Oscar Clemente Marroquín
ocmarroq@lahora.com.gt

A principios de marzo, cuando se empezó a discutir el plan de la Alianza para la Prosperidad, el gobierno había tomado la decisión de no prorrogar el mandato de la Comisión Internacional Contra la Impunidad bajo el peregrino argumento, expresado gráficamente por la verborrea de la Baldetti, de que el país no necesitaba muletas para caminar y que el trabajo de combatir la impunidad lo haríamos los guatemaltecos sin intromisión extranjera.

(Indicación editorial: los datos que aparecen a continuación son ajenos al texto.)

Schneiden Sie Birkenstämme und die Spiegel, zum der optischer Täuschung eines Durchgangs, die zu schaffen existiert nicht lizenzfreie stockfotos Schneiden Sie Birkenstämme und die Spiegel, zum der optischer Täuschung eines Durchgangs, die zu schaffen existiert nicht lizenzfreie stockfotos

Fue en esos días cuando vino a Guatemala el Vicepresidente de Estados Unidos, John Biden, y cuando el director de La Hora, Pedro Pablo Marroquín, le formuló la pregunta del millón, respecto a su opinión sobre la continuidad de la CICIG.

Biden fue categórico y se extendió en ratificar que la permanencia de la Comisión era uno de los requisitos indispensables para avanzar en la Alianza para la Prosperidad que requería de absoluta transparencia en el manejo de los recursos que se colocarían a disposición de estos países.

El gobierno reaccionó hepáticamente y criticaron a Biden por meterse en los asuntos internos de Guatemala. La decisión estaba tomada y no habría prórroga de la CICIG. Hoy sabemos exactamente cuáles eran las razones por las que se había tomado tan drástica determinación, puesto que en las mismas escuchas telefónicas que se han conocido hay abundantes menciones a la investigación que la Comisión realizaba en el campo de la defraudación aduanera.

De haberse concretado la decisión política de no prorrogar el mandato de la Comisión, a estas alturas los guatemaltecos estaríamos a punto de ir a otras elecciones simplemente con la convicción de que había que votar por el menos peor o por cualquiera que nos sirviera para votar en contra del candidato que nos desagrada. Así ha sido el comportamiento del ciudadano cada cuatro años porque muy poca gente vota convencida, y a favor de alguien por sus propuestas concretas. Se vota por el que parece menos ladrón, menos sinvergüenza que el otro, pero nada más.

La verdad es que el problema de la corrupción no empezó con Pérez Molina y Baldetti, por mucho que bajo la conducción de esa Vicepresidenta se haya exacerbado. Tampoco empezó, como creyeron muchos, con Portillo ni terminó cuando él dejó el poder. La corrupción en el país está terriblemente extendida y si bien la clase política se aprovecha de las facilidades que otorga la impunidad para robarle al pueblo, en general hemos ido acomodando nuestra vida a prácticas que tienen mucho que ver con diversas formas de actuar que nos permiten sacar ventaja de las debilidades de un sistema de irrespeto a la ley.

De no ser por la CICIG, Pérez Molina termina su mandato como lo terminaron Colom, Berger y Arzú, es decir, sin complicaciones ni obligación de rendir cuentas. Se hubiera podido ir al Parlacén, ni siquiera en calidad de refugio, sino a disfrutar de nuevas prebendas para gozar de la fortuna amasada. Lo que hubiera hecho él y lo que hubieran hecho sus allegados sería tema anecdótico, como ha ocurrido con los otros gobernantes.

Pero, ojo, que no tendremos CICIG eternamente, y por ello es que ahora, no después, urge reformar el sistema y refundar el Estado para sentar las bases de una verdadera democracia basada en el respeto a la ley y el repudio a la corrupción.